L’organisation de l’embrigadement, de la formation puis du déploiement dans les zones de conflit était assuré par des associations dont les financements se sont taris et qui ne peuvent plus assurer l’envoi de jihadistes sur des fronts qui ne sont plus aussi demandeurs de combattants.

Il faut être attentif à la reprise du phénomène Daech au Moyen-Orient

Les jihadistes se sont repliés en Libye. Mais il faut également être attentif à la reprise, assez récente, du phénomène Daech au Moyen-Orient. Si l’envoi de combattants jihadistes tunisiens semble au point mort, il faut toutefois rappeler que, depuis 2015, la Tunisie a subi plusieurs attentats particulièrement meurtriers.

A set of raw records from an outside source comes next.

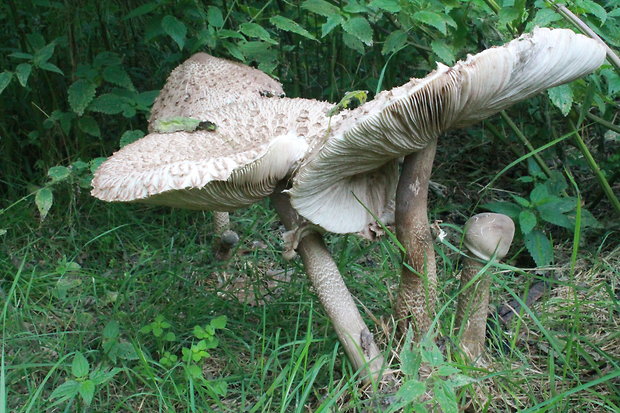 bedľa vysoká Macrolepiota procera (Scop.) Singer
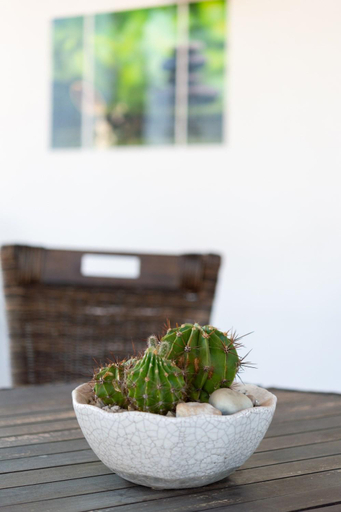 Food & Drinks 5, JACUZZI Villa, huge GARDEN, at Kalithea Springs, South Aegean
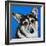 Corgi Cuteness II-Carolee Vitaletti-Framed Art Print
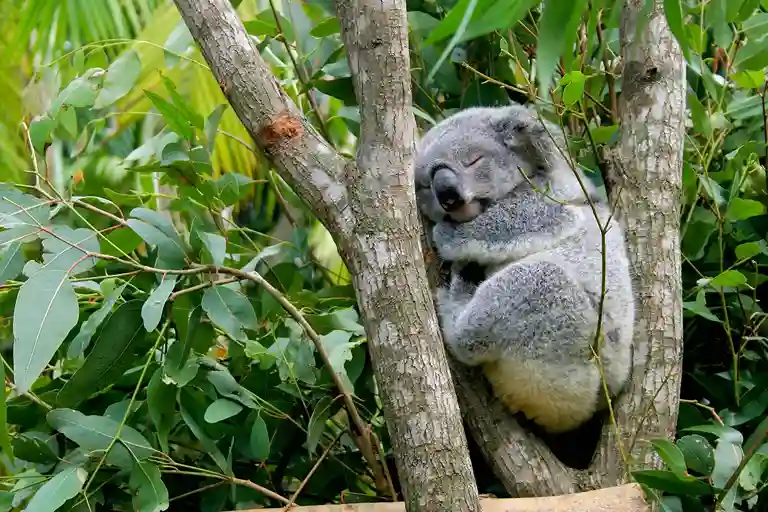 Koala
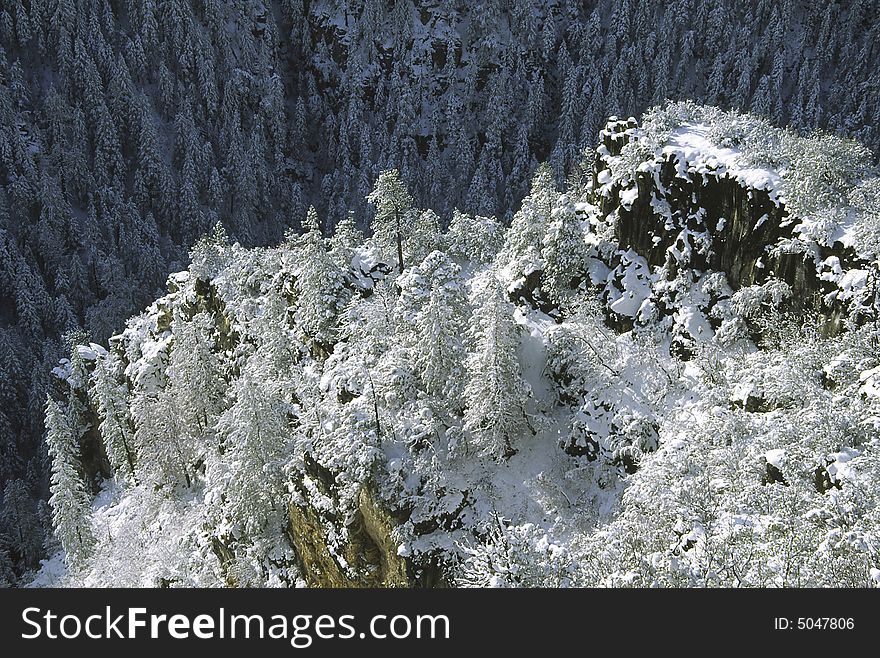 Oak Creek Canyon near Sedona after a late winter snow storm. Oak Creek Canyon near Sedona after a late winter snow storm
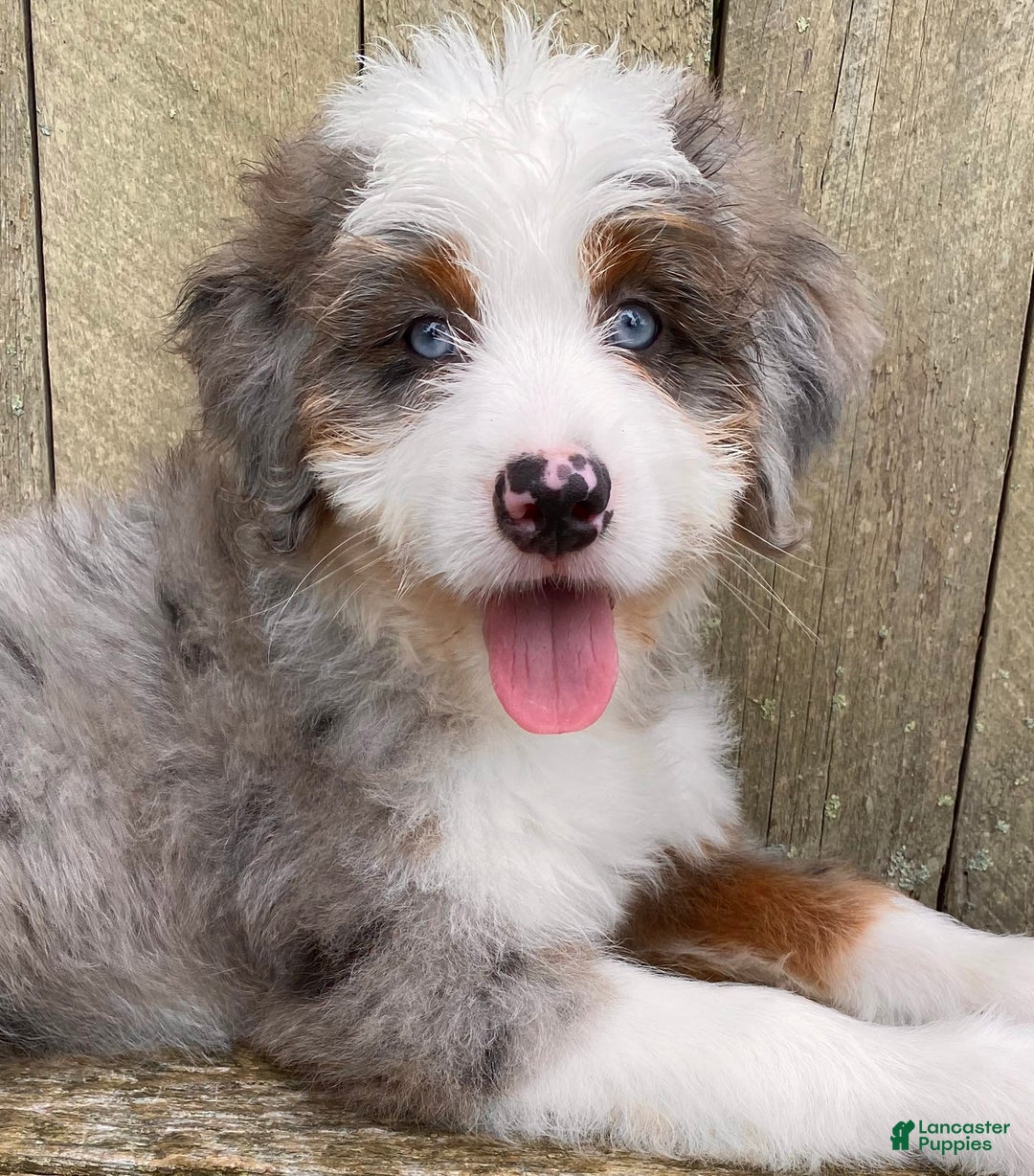 Mini Bernedoodle dogs for sale: 💜 Boston Ma 💜 Mini Bernedoodle - Image 30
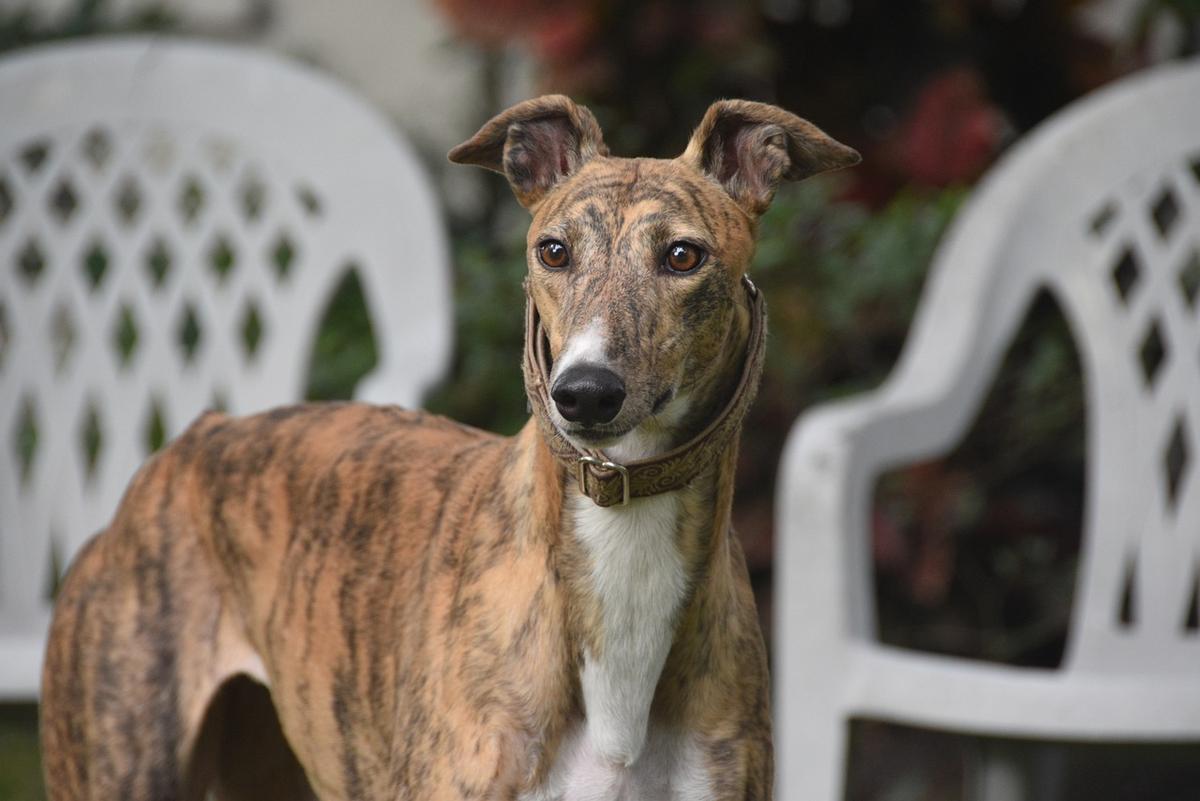 Greyhounds make great donors but many other breeds can donate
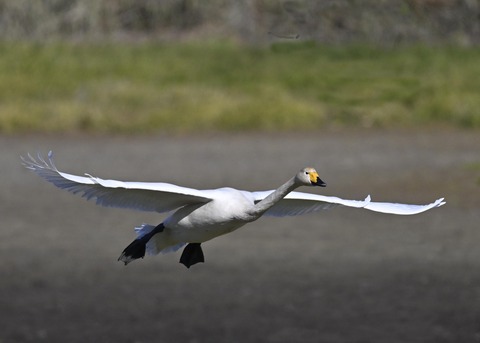 オオハクチョウ4062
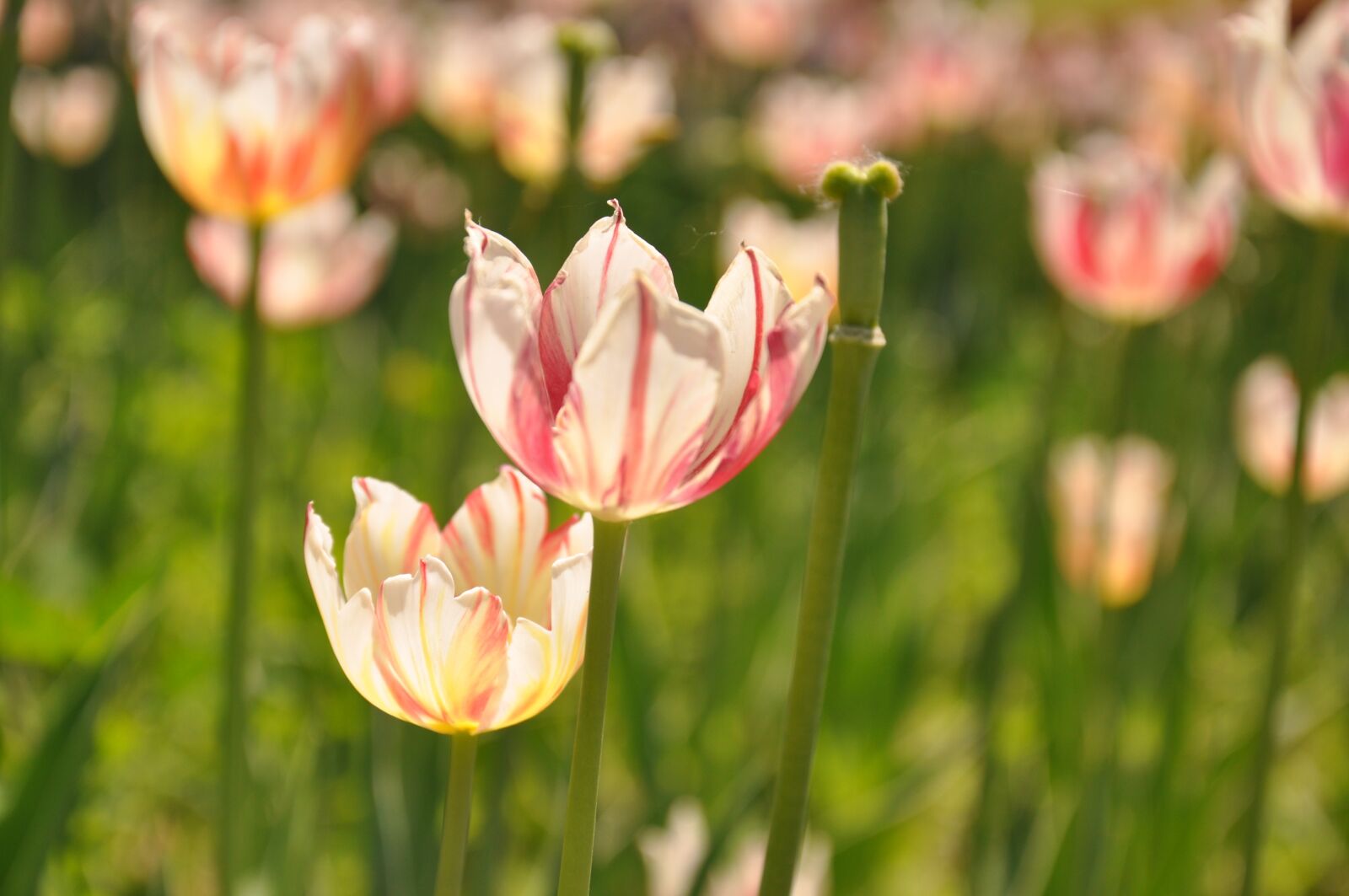 Nikon D90 sample photo. Shunyi district, beijing, flower photography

L’acte de Rambouillet doit être appréhendé dans un contexte plus large. Que retenir de près de dix ans de jihadisme en Tunisie ?

À court terme, il faudrait que les autorités lèvent l’omerta sur les milliers de jihadistes tunisiens – plus de 5 000, selon l’ONU – qui ont quitté le pays et attendent de revenir. Que vont-ils devenir ? Comment seront-ils traités ? L’enjeu est d’ordre régional et dépasse la Tunisie. Ce phénomène inédit a concerné plus de cent pays et des milliers de personnes. Pour en revenir à la Tunisie, il ne faudrait pas différer la mise en place d’une commission indépendante pour rendre justice aux parents qui ignorent le sort de leurs enfants embrigadés.